It was a class I was leery to teach as I don't ever know what I am going to end up with. so I was concerned about being able to get the idea across. We talked a lot about the concept and having the courage to just go for it. I am absolutely delighted at the way the class turned out. They wanted us to do another one and If you look at the #3 workshop at the top you will see how few questions their have been. The ladies all got the concept and new doors have opened for them. I am 'tickled pink'. Shirley


----------



## mildredL2 (May 14, 2014)

Designer1234 said:


> weteach4ulinda just finished her sweater and is ready to block it. I think it is great Linda. I like the lacy finish on the neck and bottom. Good job. Isn't it great, ladies? -This is her 2nd sweater which she and the rest of the girls are doing completely on their own with very very litttle help.
> 
> There are more in the making so watch for them. This is a big learning
> experience and all are new at designing themselves to fit themselves.
> ...


Wow, Linda, what a gorgeous sweater! I love how you used your colors and interesting stitches and edging, and fits so beautifully!
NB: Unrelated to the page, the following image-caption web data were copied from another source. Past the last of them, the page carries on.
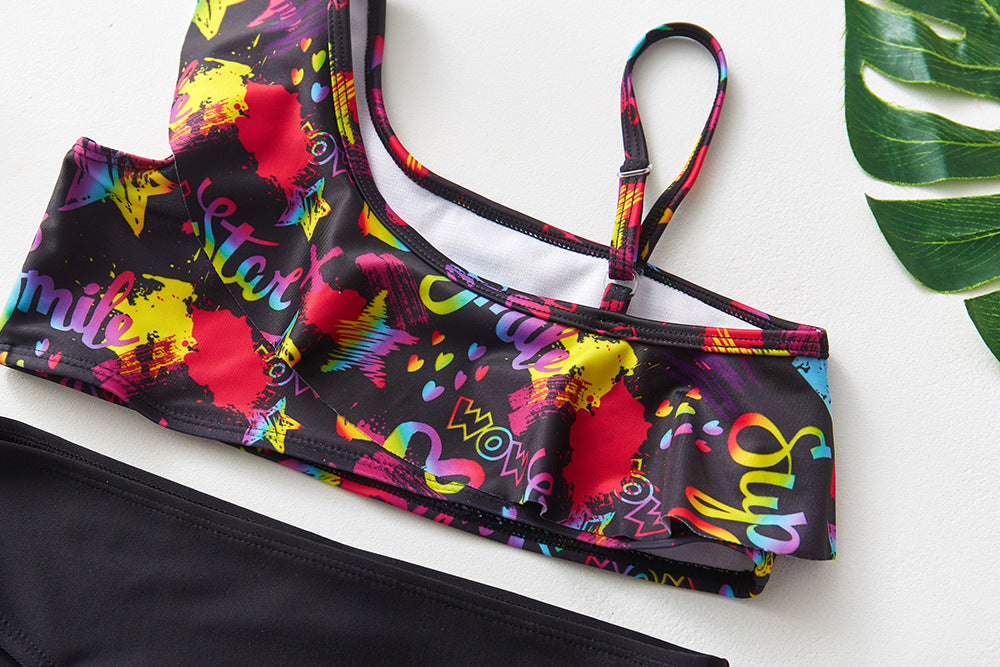 Girls' Oblique One-Shoulder Swimsuit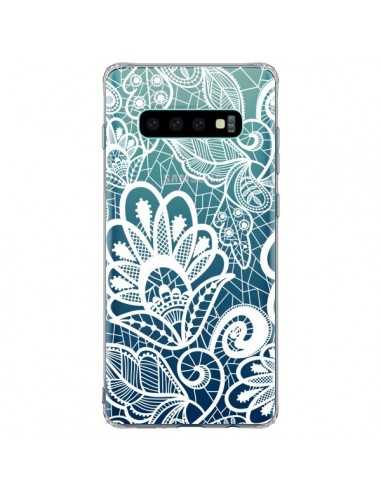 Coque Samsung S10 Plus Lace Fleur Flower Blanc Transparente - Petit Griffin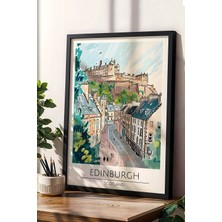 Iskoçya Edinburgh Temalı Çerçeveli Tablo Travel Serisi Modern Illüstrasyon Şehir Duvar Dekoru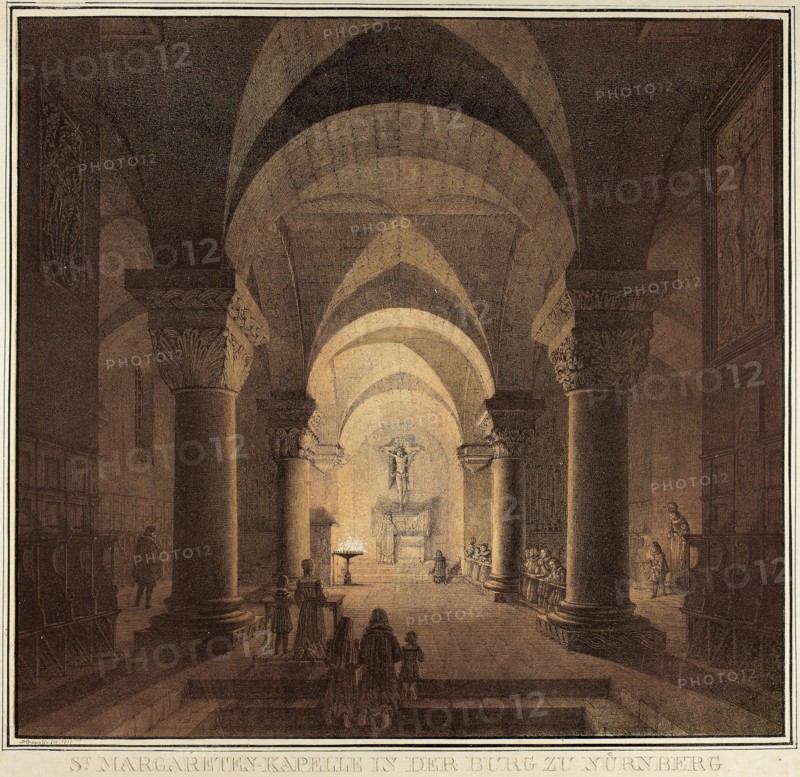Chapel of Saint Margaret in the City of Nuremberg, from Collection of Memorable Medieval Buildings in Germany, 1819, Domenico Quaglio II, German, 1787-1837, Germany, Lithograph in black with grey-green and pale red-orange tint stones on cream wove paper, 392 x 395 mm (image/text), 475 x 583 mm (sheet)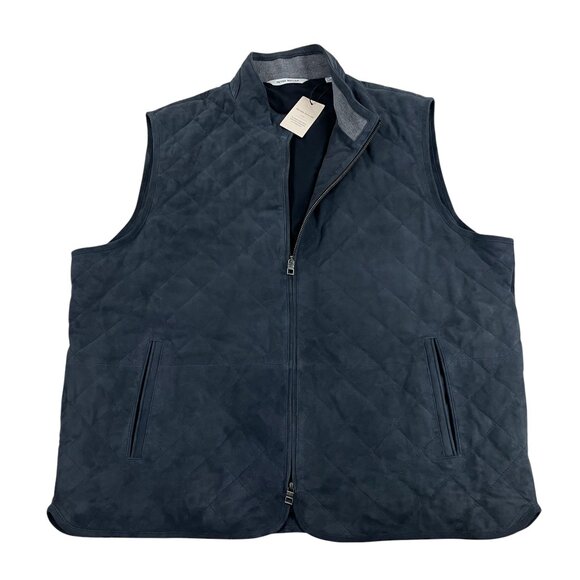 Peter Millar Crown Essex Suede Vest Quilted Jacket Mens XXL Galaxy Gray NWT - Picture 1 of 11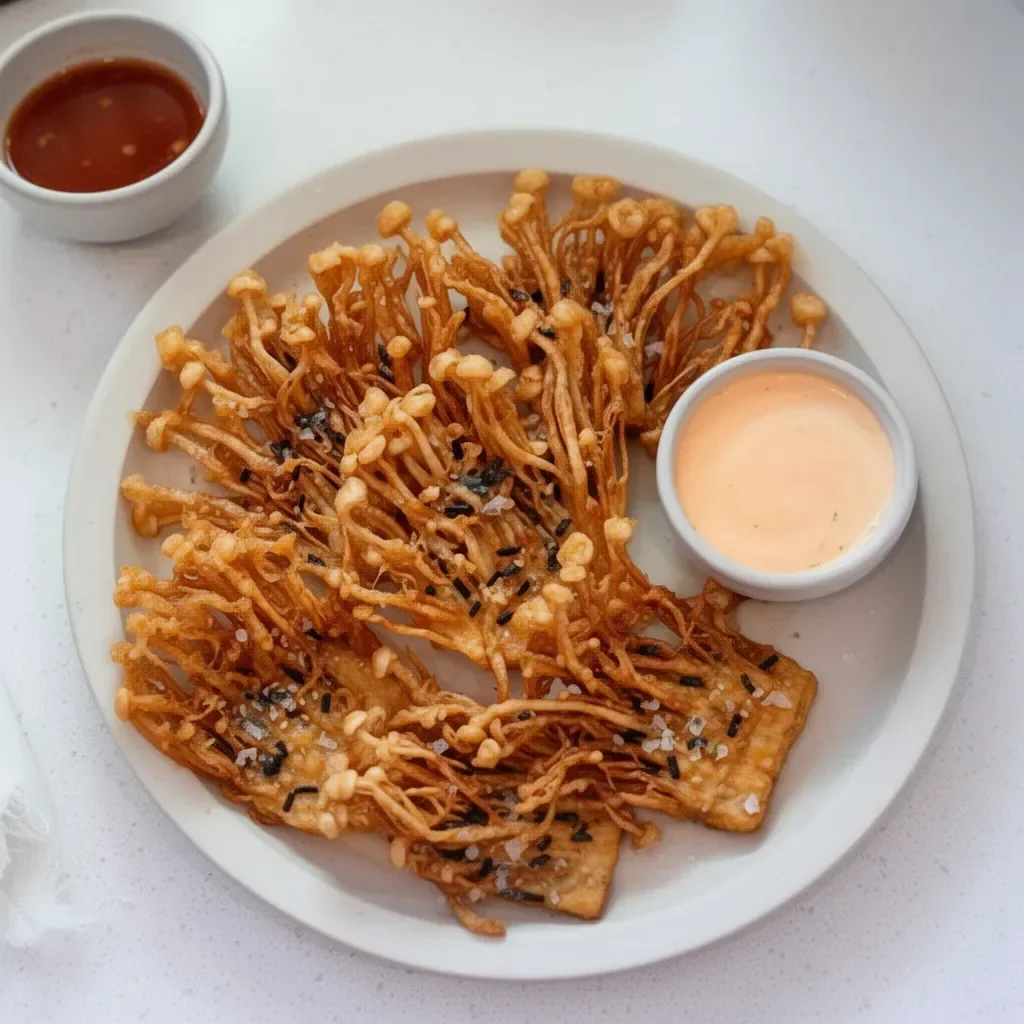 Crispy Fried Enoki Mushrooms served on a plate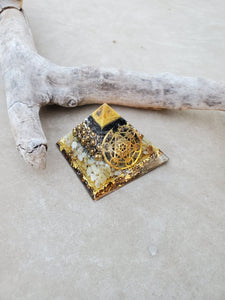 Chi Enhancing Pyramid — Large Gold Hematite with Metatron Symbol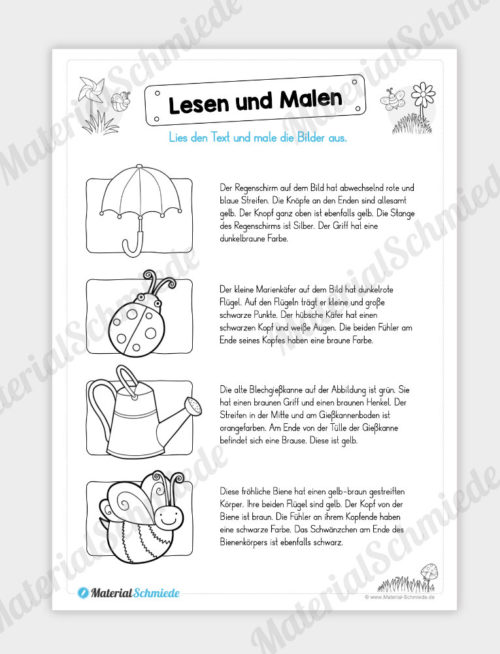 MaterialPaket: Lesen und Malen im Frühling (15 Seiten) - Vorschau 04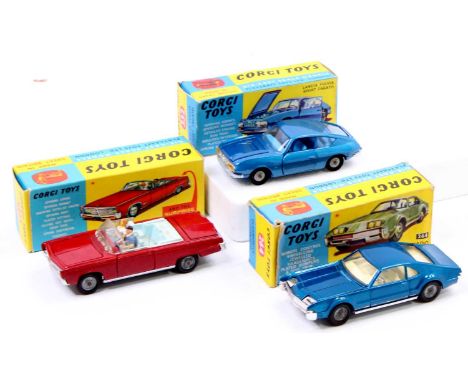 Corgi Toys boxed model group of 3 comprising No. 264 Oldsmobile Toronado, blue body with cream interior, and detailed cast hu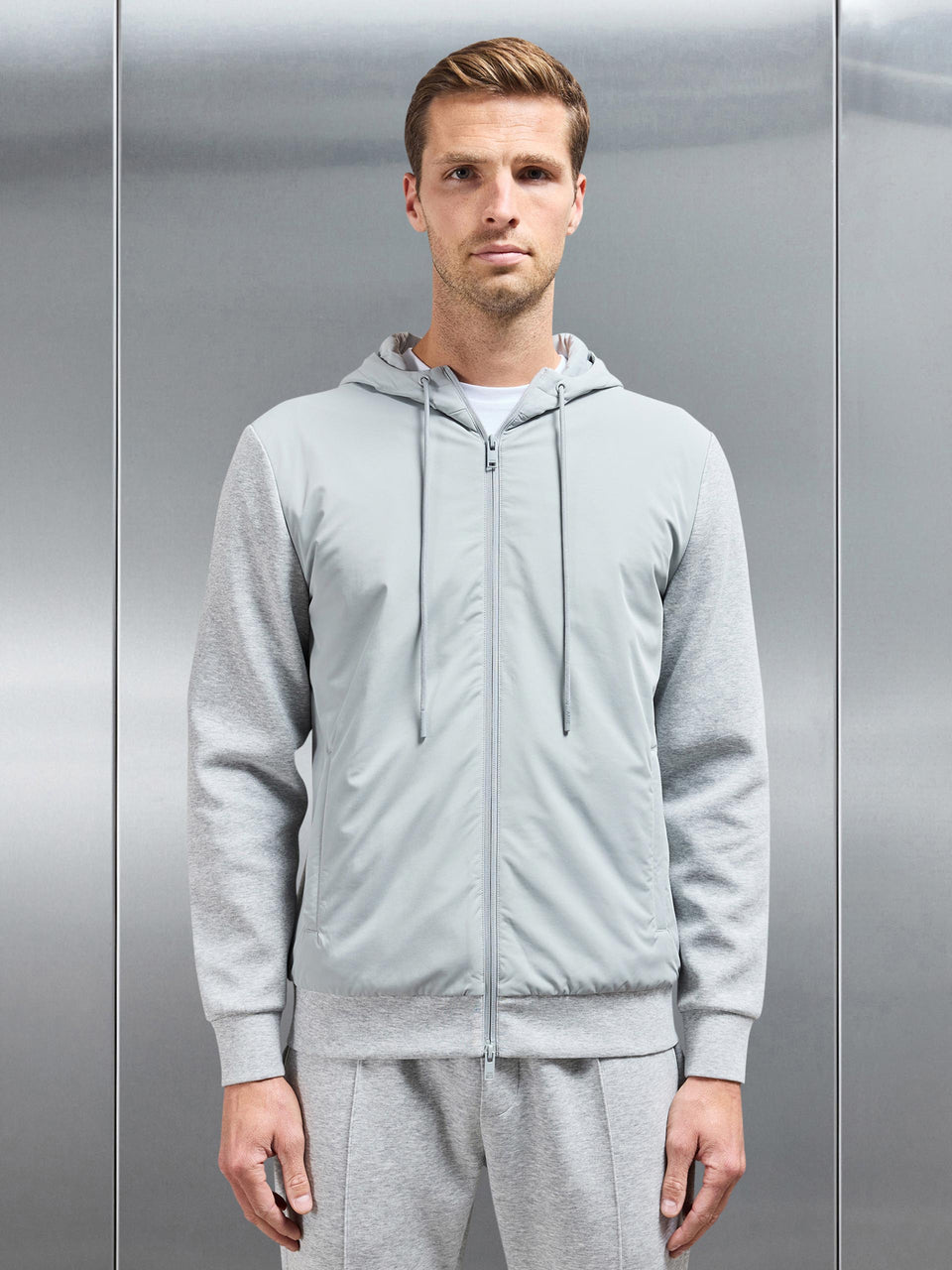 Interlock Jersey Hybrid Windbreaker in Marl Grey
:thumbup: :thumbup: :thumbup:


----------



## Nona60 (Jun 9, 2015)

Each is so unique and so well done.


----------



## run4fittness (May 22, 2011)

weteach4ulinda, your sweater is wonderful! Great texture, colors, everything! :thumbup:


----------



## Jean Marie (Dec 6, 2011)

Nice job Ctown


----------



## Kateydid (Apr 24, 2012)

weteach4ulinda I love your stitches and the colors you chose.


----------



## Jean Marie (Dec 6, 2011)

Nice job weteach4ulinda


----------



## Ellisen (Dec 5, 2011)

Gorgeous Sweater! Brava.


----------



## Ellisen (Dec 5, 2011)

Lovely sweater.


----------



## mildredL2 (May 14, 2014)

Here is my second dishcloth sweater, the skirt of this one was done side to side. This time made longer sleeves, and rolled edges for neck, cuffs, and bottom band.
Thank you Shirley, for all your help and inspiration!


----------



## Ellisen (Dec 5, 2011)

Gorgeous, Mildred! Brava!


----------



## run4fittness (May 22, 2011)

Ellisen said:


> Gorgeous, Mildred! Brava!


 :thumbup: :thumbup: :thumbup: :thumbup:


----------



## Ctown Nana (Apr 19, 2013)

mildredL2 said:


> Here is my second dishcloth sweater, the skirt of this one was done side to side. This time made longer sleeves, and rolled edges for neck, cuffs, and bottom band.
> Thank you Shirley, for all your help and inspiration!


Fabulous job Mildred----love everything about it!!


----------



## AmberSparkles (Dec 28, 2013)

Yeah, I love your choice of stitches!!


----------



## KnitnNat (Nov 17, 2012)

Mildredl2, one of a kind and very well done. Beautiful.


----------



## Jean Marie (Dec 6, 2011)

Very Nice Mildred


----------



## Kateydid (Apr 24, 2012)

Mildred your second sweater came out great. You will get a lot of compliments on it!


----------



## carolky (May 3, 2011)

Wonderful sweater, Mildred. I love the variation of stitches on the bottom.


----------



## MarilynKnits (Aug 30, 2011)

What a lovely sweater. The choice of colors and stitches are brilliant. Wear it in good health!



mildredL2 said:


> Here is my second dishcloth sweater, the skirt of this one was done side to side. This time made longer sleeves, and rolled edges for neck, cuffs, and bottom band.
> Thank you Shirley, for all your help and inspiration!


----------



## Designer1234 (Aug 9, 2011)

I love the color and the stitches and the fact that you did this completely on your own. 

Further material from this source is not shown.